Abstract:We present Auspex - a threat modeling system built using a specialized collection of generative artificial intelligence-based methods that capture threat modeling tradecraft. This new approach, called tradecraft prompting, centers on encoding the on-the-ground knowledge of threat modelers within the prompts that drive a generative AI-based threat modeling system. Auspex employs tradecraft prompts in two processing stages. The first stage centers on ingesting and processing system architecture information using prompts that encode threat modeling tradecraft knowledge pertaining to system decomposition and description.

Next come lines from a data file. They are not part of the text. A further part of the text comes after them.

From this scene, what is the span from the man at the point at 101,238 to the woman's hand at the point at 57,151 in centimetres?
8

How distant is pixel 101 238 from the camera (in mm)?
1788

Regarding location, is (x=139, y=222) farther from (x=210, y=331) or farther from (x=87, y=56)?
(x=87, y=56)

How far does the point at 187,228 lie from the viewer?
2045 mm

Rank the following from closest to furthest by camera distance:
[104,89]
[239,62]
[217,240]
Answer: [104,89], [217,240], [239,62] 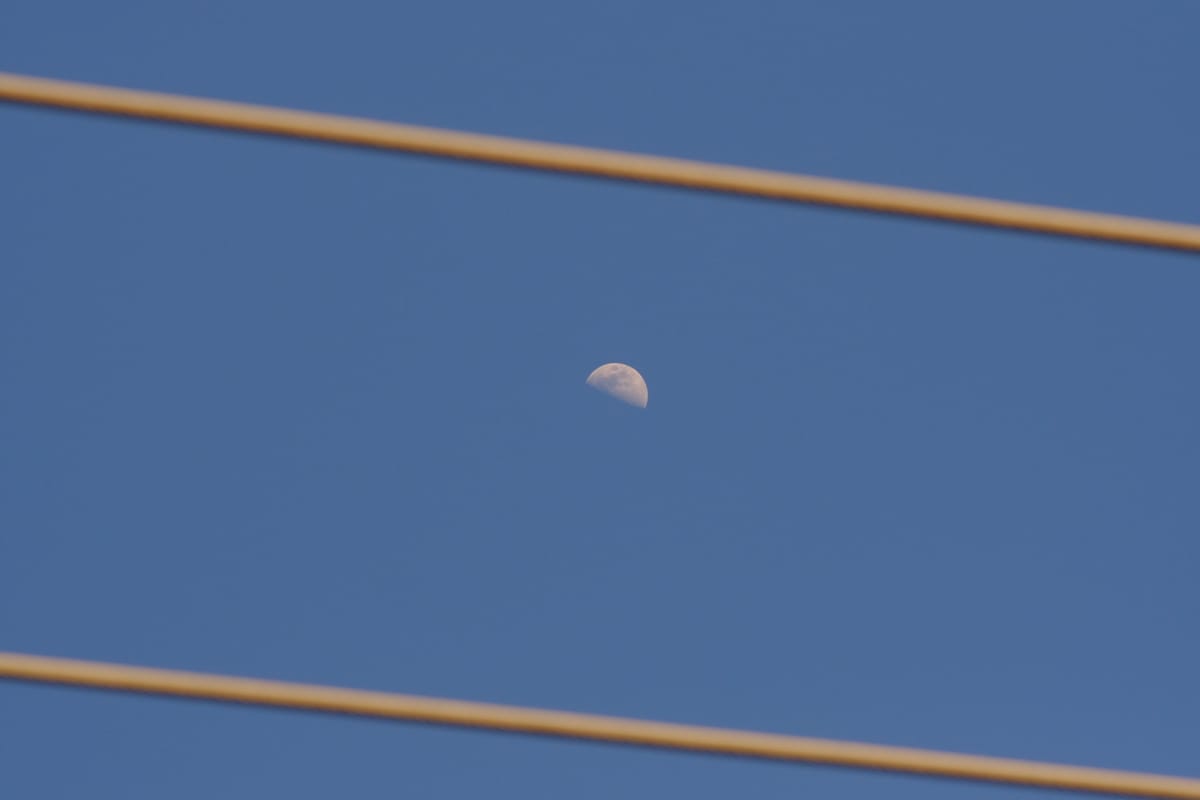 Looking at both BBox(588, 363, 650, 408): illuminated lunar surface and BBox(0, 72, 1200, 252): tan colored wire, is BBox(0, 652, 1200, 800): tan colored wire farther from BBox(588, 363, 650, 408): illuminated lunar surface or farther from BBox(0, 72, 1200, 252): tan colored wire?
BBox(588, 363, 650, 408): illuminated lunar surface

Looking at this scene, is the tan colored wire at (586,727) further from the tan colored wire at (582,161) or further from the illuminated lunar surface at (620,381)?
the illuminated lunar surface at (620,381)

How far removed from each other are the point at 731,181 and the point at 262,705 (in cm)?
106

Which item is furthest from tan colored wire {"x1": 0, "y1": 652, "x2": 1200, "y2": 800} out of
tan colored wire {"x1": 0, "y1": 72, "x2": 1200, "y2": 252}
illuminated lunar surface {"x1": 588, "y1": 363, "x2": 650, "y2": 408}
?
illuminated lunar surface {"x1": 588, "y1": 363, "x2": 650, "y2": 408}

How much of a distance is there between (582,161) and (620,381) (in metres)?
9.60

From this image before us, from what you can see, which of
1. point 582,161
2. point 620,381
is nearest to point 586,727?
point 582,161

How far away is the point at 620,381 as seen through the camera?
1224 cm

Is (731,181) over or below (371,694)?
over

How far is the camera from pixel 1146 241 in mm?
2705

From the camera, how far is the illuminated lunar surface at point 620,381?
1213 cm

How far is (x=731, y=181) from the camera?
8.69ft

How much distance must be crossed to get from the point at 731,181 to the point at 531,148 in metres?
0.30

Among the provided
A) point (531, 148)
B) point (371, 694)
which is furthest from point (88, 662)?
point (531, 148)

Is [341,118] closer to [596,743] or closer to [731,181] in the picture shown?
[731,181]

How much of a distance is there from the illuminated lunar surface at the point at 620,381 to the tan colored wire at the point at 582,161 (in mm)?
9361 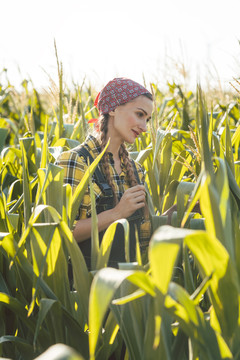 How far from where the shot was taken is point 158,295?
0.85 meters

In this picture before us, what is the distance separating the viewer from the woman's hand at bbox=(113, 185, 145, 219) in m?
1.69

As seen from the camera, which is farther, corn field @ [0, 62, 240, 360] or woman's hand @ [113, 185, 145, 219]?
woman's hand @ [113, 185, 145, 219]

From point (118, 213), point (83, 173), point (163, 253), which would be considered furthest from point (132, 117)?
point (163, 253)

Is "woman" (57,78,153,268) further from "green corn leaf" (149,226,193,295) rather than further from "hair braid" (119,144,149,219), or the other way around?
"green corn leaf" (149,226,193,295)

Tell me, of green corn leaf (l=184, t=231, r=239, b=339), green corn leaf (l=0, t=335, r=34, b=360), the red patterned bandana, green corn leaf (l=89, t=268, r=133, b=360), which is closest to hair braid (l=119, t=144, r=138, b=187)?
the red patterned bandana

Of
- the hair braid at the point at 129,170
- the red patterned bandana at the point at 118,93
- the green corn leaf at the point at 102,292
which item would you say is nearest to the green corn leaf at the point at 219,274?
the green corn leaf at the point at 102,292

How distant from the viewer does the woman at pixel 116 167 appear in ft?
5.64

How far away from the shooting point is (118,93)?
6.34 feet

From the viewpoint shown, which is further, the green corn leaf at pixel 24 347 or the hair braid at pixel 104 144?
the hair braid at pixel 104 144

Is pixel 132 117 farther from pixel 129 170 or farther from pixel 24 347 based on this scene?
pixel 24 347

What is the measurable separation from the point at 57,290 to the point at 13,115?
4.20m

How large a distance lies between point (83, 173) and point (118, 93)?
366mm

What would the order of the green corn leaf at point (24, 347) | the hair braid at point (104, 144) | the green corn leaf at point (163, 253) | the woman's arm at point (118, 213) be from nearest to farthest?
the green corn leaf at point (163, 253)
the green corn leaf at point (24, 347)
the woman's arm at point (118, 213)
the hair braid at point (104, 144)

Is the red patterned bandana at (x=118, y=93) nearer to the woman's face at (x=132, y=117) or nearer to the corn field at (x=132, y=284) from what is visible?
the woman's face at (x=132, y=117) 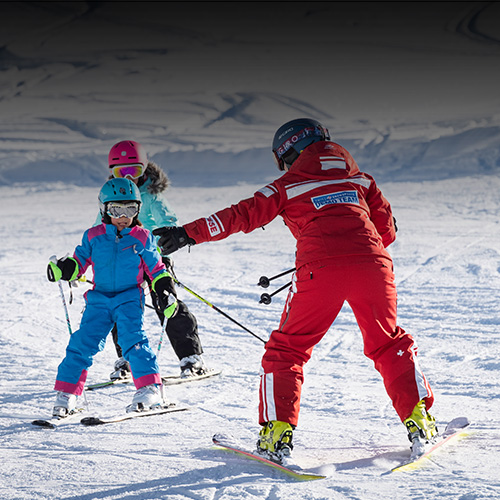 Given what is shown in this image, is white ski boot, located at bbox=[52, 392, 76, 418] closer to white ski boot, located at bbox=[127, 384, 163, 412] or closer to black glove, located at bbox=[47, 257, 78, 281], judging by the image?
white ski boot, located at bbox=[127, 384, 163, 412]

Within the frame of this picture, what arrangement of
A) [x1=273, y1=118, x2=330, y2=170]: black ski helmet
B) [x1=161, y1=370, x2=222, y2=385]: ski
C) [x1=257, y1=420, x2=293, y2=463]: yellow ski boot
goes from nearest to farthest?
1. [x1=257, y1=420, x2=293, y2=463]: yellow ski boot
2. [x1=273, y1=118, x2=330, y2=170]: black ski helmet
3. [x1=161, y1=370, x2=222, y2=385]: ski

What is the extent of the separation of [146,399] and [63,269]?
75 centimetres

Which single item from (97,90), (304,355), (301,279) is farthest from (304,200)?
(97,90)

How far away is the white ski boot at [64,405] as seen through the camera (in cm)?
313

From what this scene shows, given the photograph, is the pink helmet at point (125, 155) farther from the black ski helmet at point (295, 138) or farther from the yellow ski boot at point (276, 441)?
the yellow ski boot at point (276, 441)

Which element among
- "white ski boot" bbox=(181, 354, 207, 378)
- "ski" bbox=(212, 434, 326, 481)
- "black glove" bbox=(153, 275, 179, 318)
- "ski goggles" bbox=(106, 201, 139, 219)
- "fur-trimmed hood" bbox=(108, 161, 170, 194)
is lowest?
"ski" bbox=(212, 434, 326, 481)

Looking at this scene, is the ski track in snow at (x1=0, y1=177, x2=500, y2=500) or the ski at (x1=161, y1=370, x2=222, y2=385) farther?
the ski at (x1=161, y1=370, x2=222, y2=385)

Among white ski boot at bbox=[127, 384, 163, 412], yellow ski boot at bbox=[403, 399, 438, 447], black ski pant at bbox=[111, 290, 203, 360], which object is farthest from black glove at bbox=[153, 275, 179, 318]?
yellow ski boot at bbox=[403, 399, 438, 447]

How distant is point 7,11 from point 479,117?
17623 mm

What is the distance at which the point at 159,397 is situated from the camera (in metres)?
3.23

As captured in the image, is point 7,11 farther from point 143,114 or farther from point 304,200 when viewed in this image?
point 304,200

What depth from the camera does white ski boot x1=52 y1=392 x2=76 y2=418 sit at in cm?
313

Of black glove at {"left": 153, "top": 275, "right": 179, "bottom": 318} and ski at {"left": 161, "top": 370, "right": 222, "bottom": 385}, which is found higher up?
black glove at {"left": 153, "top": 275, "right": 179, "bottom": 318}

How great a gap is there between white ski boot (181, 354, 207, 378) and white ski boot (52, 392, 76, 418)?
3.12 feet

The second stage centers on chaining the resulting system analysis through a collection of prompts that encode tradecraft knowledge on threat identification, classification, and mitigation. The two-stage process yields a threat matrix for a system that specifies threat scenarios, threat types, information security categorizations and potential mitigations. Auspex produces formalized threat model output in minutes, relative to the weeks or months a manual process takes. More broadly, the focus on bespoke tradecraft prompting, as opposed to fine-tuning or agent-based add-ons, makes Auspex a lightweight, flexible, modular, and extensible foundational system capable of addressing the complexity, resource, and standardization limitations of both existing manual and automated threat modeling processes. In this connection, we establish the baseline value of Auspex to threat modelers through an evaluation procedure based on feedback collected from cybersecurity subject matter experts measuring the quality and utility of threat models generated by Auspex on real banking systems. We conclude with a discussion of system performance and plans for enhancements to Auspex.